Ustedes conocieron a la hermana Cleusa y saben cuál es la respuesta. Fue brutalmente asesinada. No se arrodilló ante la mentira. Un gesto que hace temblar el corazón es el recuerdo de muchos de los primeros mártires que no se inclinaron ante la divinidad del emperador, quien exigía el incienso como aprobación de su proyecto de sometimiento imperial, siempre para su provecho personal.

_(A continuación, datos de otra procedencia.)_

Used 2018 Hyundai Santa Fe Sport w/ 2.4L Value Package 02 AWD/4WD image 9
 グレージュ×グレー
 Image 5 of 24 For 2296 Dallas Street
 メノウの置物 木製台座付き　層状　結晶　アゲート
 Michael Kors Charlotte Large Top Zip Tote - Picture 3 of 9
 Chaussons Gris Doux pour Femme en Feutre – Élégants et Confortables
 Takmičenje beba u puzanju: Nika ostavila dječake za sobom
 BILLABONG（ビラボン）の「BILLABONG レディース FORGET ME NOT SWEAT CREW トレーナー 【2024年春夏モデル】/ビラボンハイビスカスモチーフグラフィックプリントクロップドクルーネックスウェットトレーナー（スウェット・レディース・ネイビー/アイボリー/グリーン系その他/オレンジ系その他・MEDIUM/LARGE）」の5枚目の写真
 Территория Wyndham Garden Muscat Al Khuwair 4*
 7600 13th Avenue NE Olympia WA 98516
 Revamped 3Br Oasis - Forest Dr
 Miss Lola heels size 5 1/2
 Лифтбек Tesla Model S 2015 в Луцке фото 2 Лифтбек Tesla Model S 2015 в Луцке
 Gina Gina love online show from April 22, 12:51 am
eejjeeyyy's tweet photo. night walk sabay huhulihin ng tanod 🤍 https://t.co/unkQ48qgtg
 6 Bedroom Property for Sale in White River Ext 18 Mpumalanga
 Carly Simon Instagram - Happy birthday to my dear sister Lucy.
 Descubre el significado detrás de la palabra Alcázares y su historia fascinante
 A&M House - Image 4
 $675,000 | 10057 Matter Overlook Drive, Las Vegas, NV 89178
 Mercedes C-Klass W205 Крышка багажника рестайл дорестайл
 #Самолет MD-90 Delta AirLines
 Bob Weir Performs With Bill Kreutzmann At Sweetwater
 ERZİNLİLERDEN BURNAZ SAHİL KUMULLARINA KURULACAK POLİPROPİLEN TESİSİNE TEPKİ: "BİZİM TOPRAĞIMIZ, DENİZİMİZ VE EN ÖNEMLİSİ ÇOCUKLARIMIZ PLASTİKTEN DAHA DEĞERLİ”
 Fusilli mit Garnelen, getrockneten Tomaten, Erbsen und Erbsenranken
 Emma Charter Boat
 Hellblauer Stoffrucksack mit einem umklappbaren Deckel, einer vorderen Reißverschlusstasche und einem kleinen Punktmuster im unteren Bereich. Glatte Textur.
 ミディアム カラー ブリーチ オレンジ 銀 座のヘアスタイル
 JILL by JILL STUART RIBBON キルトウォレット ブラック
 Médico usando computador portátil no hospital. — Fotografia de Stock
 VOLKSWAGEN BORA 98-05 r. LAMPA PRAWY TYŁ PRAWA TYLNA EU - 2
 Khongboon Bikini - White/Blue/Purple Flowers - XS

El cristiano no se inclina ante ningún poderoso de la tierra, no vende su dignidad ante un vil y turbio juego de tratativas, de intercambios de favores, de negocios, de mentiras, de intereses negociados en la sombra, en perjuicio de la mayoría. El Evangelio repudia todo esto. El creyente se horroriza y dice “no”. Este es su martirio.

Jesús es el primero en dar ejemplo, negándose a aceptar los beneficios de todos los reinos del mundo (Lucas 4,6-8). Es diabólico el inclinarse y el hacer concesiones ante lo que se puede dar por debajo de la mesa. Donde está el Espíritu del Señor, hay libertad (2 Corintios 3,17).

Es necesario que todos, creyentes y no creyentes, entendamos qué es realmente el “martirio” para los cristianos. Que la verdad del evangelio que nos hace libres no se banalice, que no se confunda aceptando el juego de la violencia, justificando los epifenómenos de la barbarie. Y esto es más fuerte cuando van de la mano el “odium fidei” con el “odium generis humani”.

En cada martirio siempre hay una pregunta que hacerle al victimario, no sólo al autor material, sino al intelectual, al titiritero que mueves los hilos que de las manos que dispara el gatillo, y que siempre se mantiene oculto:

¿Crees tú en el ser humano? ¿Además de tus derechos individuales, consideras válidos los derechos colectivos de los indefensos que no tienen tu mismo poder? ¿Cuáles son tus valores? ¿Sabes de respeto y de cariño por los demás? ¿Te dice algo la palabra fraternidad? ¿Dentro de qué narrativa crees tú que crecen los niños de los suburbios? ¿Te sientes responsable en la construcción de un mundo común y de una casa compartida para todos?

En cada martirio hay una decepción y queda un vacío, el de los que no pudieron edificar ni hablar. A ese vacío feroz, a este lleno de odio y de dolor, no podemos rendirnos. Caín quería todo para él. La sangre de su hermano asesinado no para de clamar al cielo. La sangre hace hablar la tierra.

No sólo denuncia, también anuncia que el sueño no se ha acabado. La sangre de los mártires aporta al sueño de un “juntos”, de sinodalidad y fraternidad en una tierra compartida, pero primero respetada, no arrebatada.

Vuelvo al punto de partida: la sangre de los mártires ha fecundado nuestra fe en nuestro peregrinar como pueblo de Dios en América Latina y el Caribe, se repitió en la Asamblea Eclesial de América Latina y el Caribe. Por eso al colocar la imagen de Cleusa en medio de la Asamblea, eran los desafíos pastorales de la Asamblea eclesial los que estaban tomando rostro. Subrayo tres de ellos:

  • “Acompañar a las víctimas de las injusticias sociales y eclesiales” (Desafío 2)
  • “Escuchar el clamor de los pobres, los excluidos y los descartados” (Desafío 7)
  • “Acompañar a los pueblos originarios y afrodescendientes en la defensa de la vida, la tierra y las culturas” (Desafío 12)

La sangre de los mártires de la Amazonia es un grito fuerte desde este pulmón de América que agoniza, pero que también resiste.